In this case, batch_size takes one of [16, 32, 64, 128] and number_of_hidden_layers takes one of [1, 2, 3, 4].

The following advanced discrete hyperparameters can also be specified using a distribution:

  • QUniform(min_value, max_value, q) - Returns a value like round(Uniform(min_value, max_value) / q) * q
  • QLogUniform(min_value, max_value, q) - Returns a value like round(exp(Uniform(min_value, max_value)) / q) * q
  • QNormal(mu, sigma, q) - Returns a value like round(Normal(mu, sigma) / q) * q
  • QLogNormal(mu, sigma, q) - Returns a value like round(exp(Normal(mu, sigma)) / q) * q

Continuous hyperparameters

Continuous hyperparameters are specified as a distribution over a continuous range of values:

  • Uniform(min_value, max_value) - Returns a value uniformly distributed between min_value and max_value
  • LogUniform(min_value, max_value) - Returns a value drawn according to exp(Uniform(min_value, max_value)) so that the logarithm of the return value is uniformly distributed
  • Normal(mu, sigma) - Returns a real value that's normally distributed with mean mu and standard deviation sigma
  • LogNormal(mu, sigma) - Returns a value drawn according to exp(Normal(mu, sigma)) so that the logarithm of the return value is normally distributed

An example of a parameter space definition:

from azure.ai.ml.sweep import Normal, Uniform

command_job_for_sweep = command_job(   
    learning_rate=Normal(mu=10, sigma=3),
    keep_probability=Uniform(min_value=0.05, max_value=0.1),
)

References:

This code defines a search space with two parameters - learning_rate and keep_probability. learning_rate has a normal distribution with mean value 10 and a standard deviation of 3. keep_probability has a uniform distribution with a minimum value of 0.05 and a maximum value of 0.1.

For the CLI, use the sweep job YAML schema to define the search space:

    search_space:
        conv_size:
            type: choice
            values: [2, 5, 7]
        dropout_rate:
            type: uniform
            min_value: 0.1
            max_value: 0.2

Sampling the hyperparameter space

Specify the sampling method for the hyperparameter space. Azure Machine Learning supports:

  • Random sampling
  • Grid sampling
  • Bayesian sampling

Random sampling

Random sampling supports discrete and continuous hyperparameters, and supports early termination of low-performing jobs. Many users start with random sampling to identify promising regions, then refine.

In random sampling, values are drawn uniformly (or via the specified random rule) from the defined search space.
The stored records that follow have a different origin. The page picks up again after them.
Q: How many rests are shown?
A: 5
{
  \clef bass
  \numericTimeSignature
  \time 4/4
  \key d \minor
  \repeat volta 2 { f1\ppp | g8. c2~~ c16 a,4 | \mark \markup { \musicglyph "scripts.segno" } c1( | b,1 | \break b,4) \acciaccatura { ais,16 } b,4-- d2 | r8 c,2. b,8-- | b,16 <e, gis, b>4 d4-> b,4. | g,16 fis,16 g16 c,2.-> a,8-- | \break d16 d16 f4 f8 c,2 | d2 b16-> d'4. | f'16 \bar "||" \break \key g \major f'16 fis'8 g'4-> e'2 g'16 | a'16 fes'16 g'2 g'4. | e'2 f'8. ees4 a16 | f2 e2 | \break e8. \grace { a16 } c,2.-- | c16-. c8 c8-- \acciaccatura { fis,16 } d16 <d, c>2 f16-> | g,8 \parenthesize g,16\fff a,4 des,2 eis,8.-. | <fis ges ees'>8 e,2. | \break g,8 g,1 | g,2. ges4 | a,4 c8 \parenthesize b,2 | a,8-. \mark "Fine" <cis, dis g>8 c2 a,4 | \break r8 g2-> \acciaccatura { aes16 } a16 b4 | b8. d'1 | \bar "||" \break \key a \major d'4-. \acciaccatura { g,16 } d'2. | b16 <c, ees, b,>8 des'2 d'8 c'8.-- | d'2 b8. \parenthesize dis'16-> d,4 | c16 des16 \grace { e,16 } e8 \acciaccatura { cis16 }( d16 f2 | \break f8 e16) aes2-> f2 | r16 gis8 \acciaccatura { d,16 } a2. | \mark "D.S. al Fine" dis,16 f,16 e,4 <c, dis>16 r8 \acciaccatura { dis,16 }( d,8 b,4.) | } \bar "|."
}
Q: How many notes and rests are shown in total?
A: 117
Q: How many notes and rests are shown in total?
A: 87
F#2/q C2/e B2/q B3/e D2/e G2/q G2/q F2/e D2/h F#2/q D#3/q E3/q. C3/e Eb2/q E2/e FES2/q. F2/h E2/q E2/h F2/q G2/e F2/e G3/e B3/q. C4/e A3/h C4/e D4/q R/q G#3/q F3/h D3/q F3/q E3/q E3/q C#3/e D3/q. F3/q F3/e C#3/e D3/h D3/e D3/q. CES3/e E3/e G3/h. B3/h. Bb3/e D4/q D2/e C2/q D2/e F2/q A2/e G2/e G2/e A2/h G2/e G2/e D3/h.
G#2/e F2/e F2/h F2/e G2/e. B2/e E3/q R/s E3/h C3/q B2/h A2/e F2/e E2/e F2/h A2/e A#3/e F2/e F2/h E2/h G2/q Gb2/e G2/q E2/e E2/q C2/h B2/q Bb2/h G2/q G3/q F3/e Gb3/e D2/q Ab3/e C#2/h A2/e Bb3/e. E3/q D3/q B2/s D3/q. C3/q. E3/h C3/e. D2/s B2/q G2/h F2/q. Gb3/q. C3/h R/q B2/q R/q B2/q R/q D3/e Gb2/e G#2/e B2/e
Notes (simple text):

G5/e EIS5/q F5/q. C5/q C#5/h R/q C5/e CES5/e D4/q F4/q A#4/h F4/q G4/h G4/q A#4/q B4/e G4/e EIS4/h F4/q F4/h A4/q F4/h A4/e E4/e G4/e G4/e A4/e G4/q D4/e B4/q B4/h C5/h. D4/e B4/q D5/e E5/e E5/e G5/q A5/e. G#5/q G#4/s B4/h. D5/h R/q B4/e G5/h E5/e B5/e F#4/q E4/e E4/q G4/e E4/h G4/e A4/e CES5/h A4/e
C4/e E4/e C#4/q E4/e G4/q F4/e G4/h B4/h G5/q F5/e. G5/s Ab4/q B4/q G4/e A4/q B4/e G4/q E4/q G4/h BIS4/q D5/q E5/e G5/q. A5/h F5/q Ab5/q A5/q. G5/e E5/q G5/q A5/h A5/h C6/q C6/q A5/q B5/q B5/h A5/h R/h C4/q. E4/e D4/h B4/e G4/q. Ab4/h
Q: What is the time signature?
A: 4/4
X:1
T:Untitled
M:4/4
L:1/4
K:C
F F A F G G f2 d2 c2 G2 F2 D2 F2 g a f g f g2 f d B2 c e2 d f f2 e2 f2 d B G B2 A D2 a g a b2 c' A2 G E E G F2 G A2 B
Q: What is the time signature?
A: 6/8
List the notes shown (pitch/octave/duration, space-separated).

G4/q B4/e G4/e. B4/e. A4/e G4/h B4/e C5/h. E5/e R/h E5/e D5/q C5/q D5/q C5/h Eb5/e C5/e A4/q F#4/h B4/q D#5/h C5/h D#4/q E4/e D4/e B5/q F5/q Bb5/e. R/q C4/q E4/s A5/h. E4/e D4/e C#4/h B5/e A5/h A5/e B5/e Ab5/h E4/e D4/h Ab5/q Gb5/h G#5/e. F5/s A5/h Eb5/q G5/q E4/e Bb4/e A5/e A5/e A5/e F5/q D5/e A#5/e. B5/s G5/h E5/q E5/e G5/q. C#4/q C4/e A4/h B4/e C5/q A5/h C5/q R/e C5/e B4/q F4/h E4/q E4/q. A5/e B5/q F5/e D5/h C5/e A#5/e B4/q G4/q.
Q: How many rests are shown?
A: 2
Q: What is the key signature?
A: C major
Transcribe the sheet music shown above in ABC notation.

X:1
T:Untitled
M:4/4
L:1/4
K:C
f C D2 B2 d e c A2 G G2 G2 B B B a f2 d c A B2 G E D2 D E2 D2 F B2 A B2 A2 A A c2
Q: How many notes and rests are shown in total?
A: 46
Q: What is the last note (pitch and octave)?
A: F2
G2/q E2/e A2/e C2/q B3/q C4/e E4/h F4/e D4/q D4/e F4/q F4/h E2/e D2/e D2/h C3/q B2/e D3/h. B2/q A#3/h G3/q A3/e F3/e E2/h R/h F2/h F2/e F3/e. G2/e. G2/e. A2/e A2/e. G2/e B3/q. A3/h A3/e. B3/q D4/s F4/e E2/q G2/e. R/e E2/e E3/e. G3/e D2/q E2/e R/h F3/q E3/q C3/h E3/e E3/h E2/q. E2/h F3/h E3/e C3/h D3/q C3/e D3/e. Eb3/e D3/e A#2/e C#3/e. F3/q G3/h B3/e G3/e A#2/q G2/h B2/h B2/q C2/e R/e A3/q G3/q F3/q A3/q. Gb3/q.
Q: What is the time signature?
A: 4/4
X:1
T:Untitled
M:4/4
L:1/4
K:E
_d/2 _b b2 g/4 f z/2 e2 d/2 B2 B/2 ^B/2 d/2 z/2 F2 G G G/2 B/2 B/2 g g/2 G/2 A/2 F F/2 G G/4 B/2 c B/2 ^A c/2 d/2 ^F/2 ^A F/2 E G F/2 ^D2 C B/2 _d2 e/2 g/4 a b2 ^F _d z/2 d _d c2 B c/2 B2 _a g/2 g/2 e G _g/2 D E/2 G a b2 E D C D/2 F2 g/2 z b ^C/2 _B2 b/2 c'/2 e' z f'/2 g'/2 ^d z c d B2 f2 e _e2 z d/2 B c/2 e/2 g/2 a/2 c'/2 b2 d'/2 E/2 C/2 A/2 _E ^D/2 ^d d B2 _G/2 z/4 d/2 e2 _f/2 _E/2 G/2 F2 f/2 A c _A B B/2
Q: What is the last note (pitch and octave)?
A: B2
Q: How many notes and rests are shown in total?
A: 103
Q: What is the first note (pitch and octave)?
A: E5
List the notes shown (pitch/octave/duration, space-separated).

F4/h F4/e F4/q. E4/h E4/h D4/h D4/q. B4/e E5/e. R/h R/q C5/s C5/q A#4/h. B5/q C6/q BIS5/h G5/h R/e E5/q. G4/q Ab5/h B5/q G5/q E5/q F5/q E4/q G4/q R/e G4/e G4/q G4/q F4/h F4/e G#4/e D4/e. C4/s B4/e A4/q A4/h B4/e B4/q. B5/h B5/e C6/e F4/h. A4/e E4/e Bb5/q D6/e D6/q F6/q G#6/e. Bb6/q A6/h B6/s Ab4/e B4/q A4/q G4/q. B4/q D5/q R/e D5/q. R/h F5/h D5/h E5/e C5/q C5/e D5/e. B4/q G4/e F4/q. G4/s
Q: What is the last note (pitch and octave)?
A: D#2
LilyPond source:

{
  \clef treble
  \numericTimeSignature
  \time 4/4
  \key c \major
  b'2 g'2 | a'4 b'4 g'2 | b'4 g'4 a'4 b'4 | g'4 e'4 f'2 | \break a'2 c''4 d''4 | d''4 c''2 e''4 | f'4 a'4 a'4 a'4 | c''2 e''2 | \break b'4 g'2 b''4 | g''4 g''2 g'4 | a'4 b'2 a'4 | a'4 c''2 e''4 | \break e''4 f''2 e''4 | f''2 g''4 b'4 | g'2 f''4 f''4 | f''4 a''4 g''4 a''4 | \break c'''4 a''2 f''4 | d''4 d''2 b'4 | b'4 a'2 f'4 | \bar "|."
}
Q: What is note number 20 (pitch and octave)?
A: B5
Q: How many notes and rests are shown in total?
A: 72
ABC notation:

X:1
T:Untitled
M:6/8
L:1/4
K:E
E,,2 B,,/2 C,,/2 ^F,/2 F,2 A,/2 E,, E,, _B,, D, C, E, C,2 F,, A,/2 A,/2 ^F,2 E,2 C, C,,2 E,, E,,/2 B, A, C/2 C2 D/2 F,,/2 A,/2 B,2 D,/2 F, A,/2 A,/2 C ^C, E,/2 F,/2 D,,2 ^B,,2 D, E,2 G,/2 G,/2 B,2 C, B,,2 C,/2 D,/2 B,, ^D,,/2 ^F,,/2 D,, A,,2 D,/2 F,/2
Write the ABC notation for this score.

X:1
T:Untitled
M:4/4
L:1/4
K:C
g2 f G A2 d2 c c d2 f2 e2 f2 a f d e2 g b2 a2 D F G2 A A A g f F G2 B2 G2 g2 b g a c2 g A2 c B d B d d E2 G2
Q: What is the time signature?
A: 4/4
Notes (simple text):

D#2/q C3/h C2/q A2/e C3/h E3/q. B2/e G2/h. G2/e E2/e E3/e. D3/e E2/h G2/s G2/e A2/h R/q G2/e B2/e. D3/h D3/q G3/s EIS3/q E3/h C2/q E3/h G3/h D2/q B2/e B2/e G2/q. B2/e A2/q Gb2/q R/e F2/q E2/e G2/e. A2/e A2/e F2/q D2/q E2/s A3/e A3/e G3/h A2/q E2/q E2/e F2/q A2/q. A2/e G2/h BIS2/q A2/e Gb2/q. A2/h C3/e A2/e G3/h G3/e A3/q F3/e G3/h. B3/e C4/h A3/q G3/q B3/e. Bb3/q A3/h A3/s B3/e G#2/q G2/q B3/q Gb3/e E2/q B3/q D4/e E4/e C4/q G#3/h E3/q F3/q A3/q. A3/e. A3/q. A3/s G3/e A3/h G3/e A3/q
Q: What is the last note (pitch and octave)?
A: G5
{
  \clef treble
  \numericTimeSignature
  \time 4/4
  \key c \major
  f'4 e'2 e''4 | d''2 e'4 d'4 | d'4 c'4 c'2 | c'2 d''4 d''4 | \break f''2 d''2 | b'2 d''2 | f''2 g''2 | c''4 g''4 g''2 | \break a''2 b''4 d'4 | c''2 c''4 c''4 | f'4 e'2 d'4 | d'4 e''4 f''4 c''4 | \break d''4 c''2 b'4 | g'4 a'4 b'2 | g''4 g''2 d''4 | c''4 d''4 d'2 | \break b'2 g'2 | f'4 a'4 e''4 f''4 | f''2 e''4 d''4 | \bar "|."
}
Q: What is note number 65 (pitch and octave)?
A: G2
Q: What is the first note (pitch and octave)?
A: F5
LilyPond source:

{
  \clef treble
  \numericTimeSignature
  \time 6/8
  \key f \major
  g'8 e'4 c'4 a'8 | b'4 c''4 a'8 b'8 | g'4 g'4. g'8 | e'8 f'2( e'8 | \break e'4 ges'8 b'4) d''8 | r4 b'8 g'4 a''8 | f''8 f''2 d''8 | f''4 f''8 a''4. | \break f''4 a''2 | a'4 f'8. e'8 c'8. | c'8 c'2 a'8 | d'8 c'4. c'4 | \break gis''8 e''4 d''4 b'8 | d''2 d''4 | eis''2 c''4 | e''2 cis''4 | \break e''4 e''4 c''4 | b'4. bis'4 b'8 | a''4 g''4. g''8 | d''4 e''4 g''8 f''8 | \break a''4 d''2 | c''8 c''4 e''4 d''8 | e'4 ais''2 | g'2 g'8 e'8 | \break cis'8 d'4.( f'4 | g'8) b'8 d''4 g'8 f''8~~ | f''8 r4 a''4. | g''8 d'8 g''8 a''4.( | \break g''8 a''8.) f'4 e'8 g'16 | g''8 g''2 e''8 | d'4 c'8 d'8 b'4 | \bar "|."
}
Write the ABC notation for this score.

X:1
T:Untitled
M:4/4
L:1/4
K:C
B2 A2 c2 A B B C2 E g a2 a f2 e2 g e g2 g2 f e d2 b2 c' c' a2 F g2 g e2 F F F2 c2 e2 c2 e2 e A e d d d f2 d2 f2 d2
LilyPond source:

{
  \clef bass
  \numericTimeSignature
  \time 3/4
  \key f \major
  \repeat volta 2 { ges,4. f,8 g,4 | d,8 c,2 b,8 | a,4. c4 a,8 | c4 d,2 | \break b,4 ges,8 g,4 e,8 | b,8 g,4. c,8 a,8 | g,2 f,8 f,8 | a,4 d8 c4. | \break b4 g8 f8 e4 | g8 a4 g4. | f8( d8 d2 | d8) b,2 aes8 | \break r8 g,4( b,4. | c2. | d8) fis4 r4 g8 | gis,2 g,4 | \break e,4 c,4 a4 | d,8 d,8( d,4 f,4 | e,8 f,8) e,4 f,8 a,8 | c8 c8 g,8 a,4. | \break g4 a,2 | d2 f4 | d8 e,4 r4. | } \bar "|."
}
After creating your command job, use sweep to define the sampling algorithm.

from azure.ai.ml.entities import CommandJob
from azure.ai.ml.sweep import RandomSamplingAlgorithm, SweepJob, SweepJobLimits

   command_job = CommandJob(
       inputs=dict(kernel="linear", penalty=1.0),
       compute=cpu_cluster,
       environment=f"{job_env.name}:{job_env.version}",
       code="./scripts",
       command="python scripts/train.py --kernel $kernel --penalty $penalty",
       experiment_name="sklearn-iris-flowers",
   )

   sweep = SweepJob(
       sampling_algorithm=RandomSamplingAlgorithm(seed=999, rule="sobol", logbase="e"),
       trial=command_job,
       search_space={"ss": Choice(type="choice", values=[{"space1": True}, {"space2": True}])},
       inputs={"input1": {"file": "top_level.csv", "mode": "ro_mount"}},  # type:ignore
       compute="top_level",
       limits=SweepJobLimits(trial_timeout=600),
   )

References:

Sobol

Sobol is a quasi-random sequence that improves space-filling and reproducibility. Provide a seed and set rule="sobol" on RandomSamplingAlgorithm.

from azure.ai.ml.sweep import  RandomSamplingAlgorithm

sweep_job = command_job_for_sweep.sweep(
    compute="cpu-cluster",
    sampling_algorithm = RandomSamplingAlgorithm(seed=123, rule="sobol"),
    ...
)

References: RandomSamplingAlgorithm

Grid sampling

Grid sampling supports discrete hyperparameters. Use grid sampling if you can budget to exhaustively search over the search space. Supports early termination of low-performance jobs.

Grid sampling does a simple grid search over all possible values. Grid sampling can only be used with choice hyperparameters. For example, the following space has six samples:

from azure.ai.ml.sweep import Choice

command_job_for_sweep = command_job(
    batch_size=Choice(values=[16, 32]),
    number_of_hidden_layers=Choice(values=[1,2,3]),
)

sweep_job = command_job_for_sweep.sweep(
    compute="cpu-cluster",
    sampling_algorithm = "grid",
    ...
)

References: Choice

Bayesian sampling

Bayesian sampling (Bayesian optimization) selects new samples based on prior results to improve the primary metric efficiently.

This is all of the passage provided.